● ASSIGNMENT
Repeat exactly the lines that begin at the one containing "Hip Pants 2er Pack" and end at the final line of the records; include no pictures and nothing else.

Brief descriptive captions:
==================================================

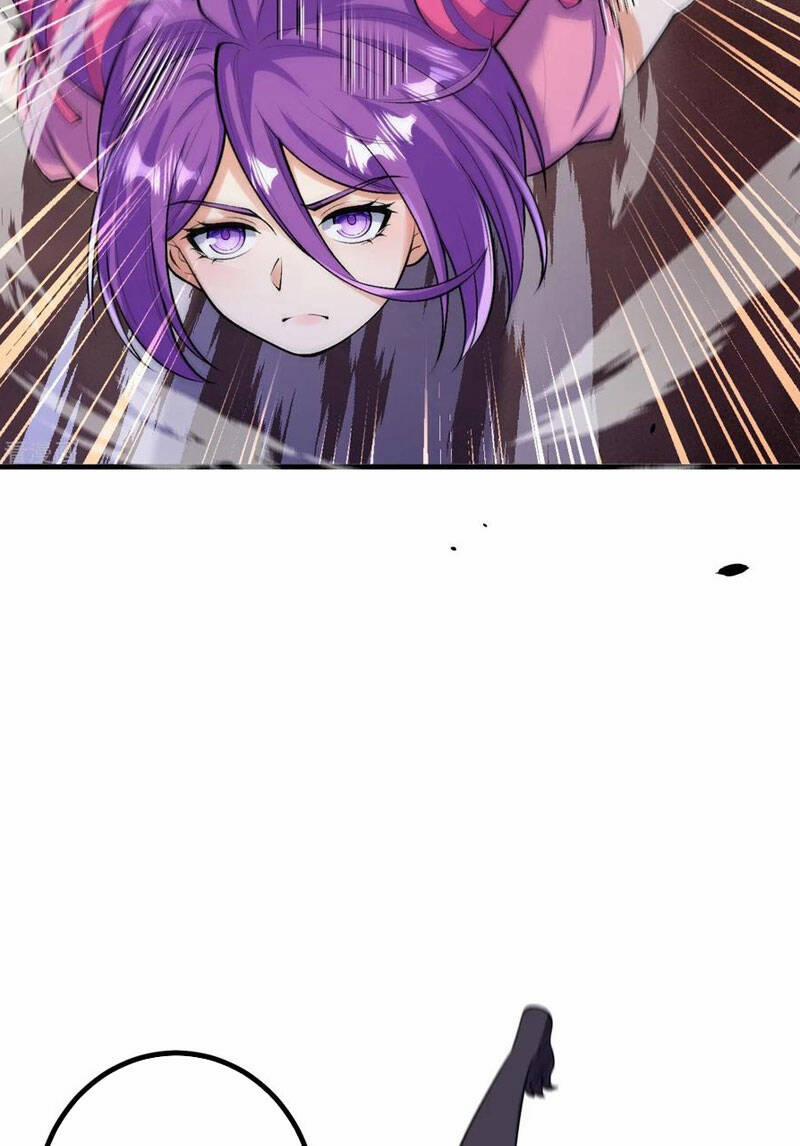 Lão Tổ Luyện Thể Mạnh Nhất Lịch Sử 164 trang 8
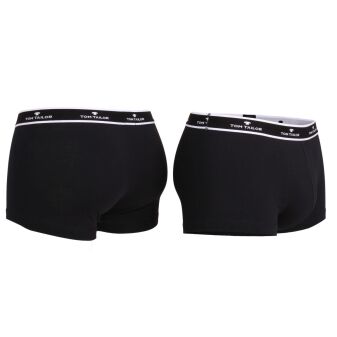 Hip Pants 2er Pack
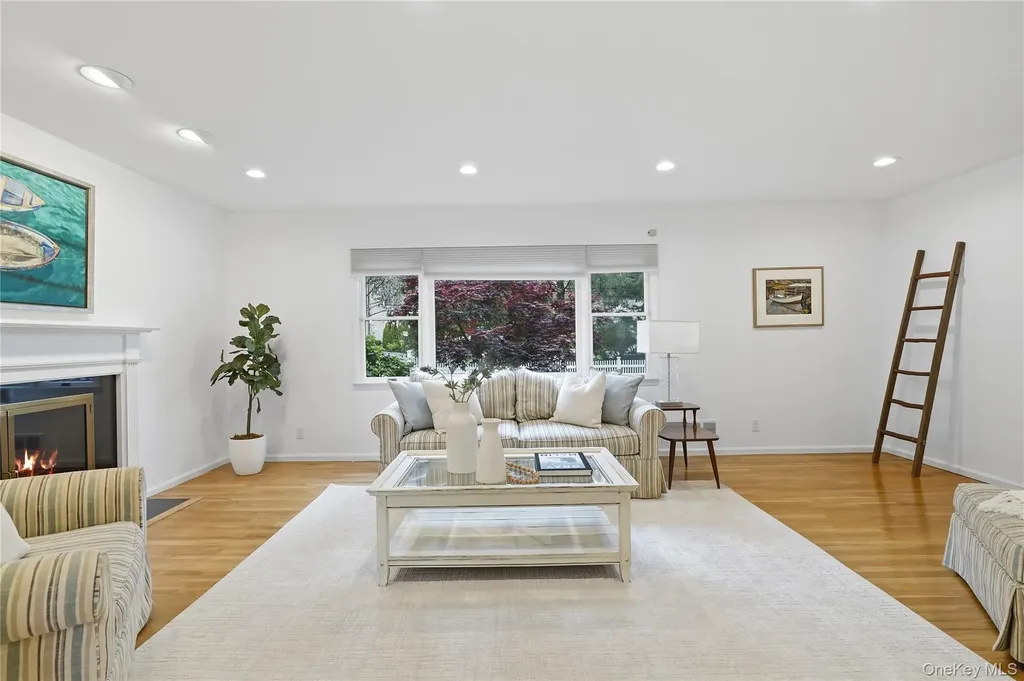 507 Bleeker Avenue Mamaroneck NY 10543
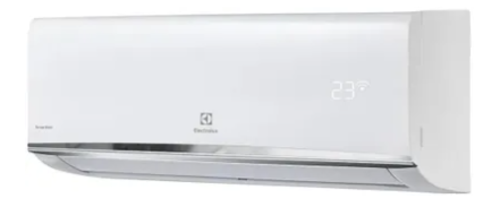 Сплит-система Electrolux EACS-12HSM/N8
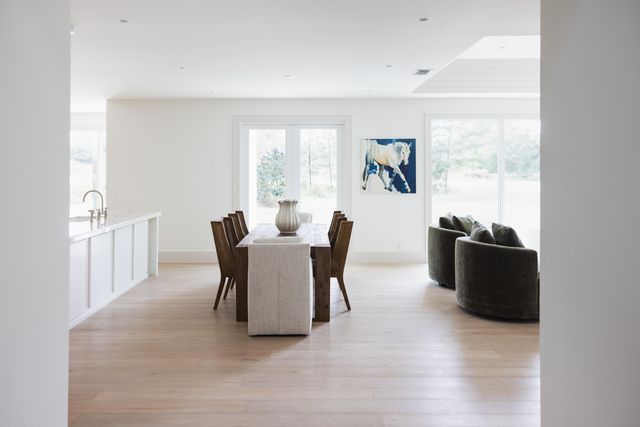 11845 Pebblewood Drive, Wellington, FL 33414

==================================================

● REPLY TO THE TASK
 Hip Pants 2er Pack
 507 Bleeker Avenue Mamaroneck NY 10543
 Сплит-система Electrolux EACS-12HSM/N8
 11845 Pebblewood Drive, Wellington, FL 33414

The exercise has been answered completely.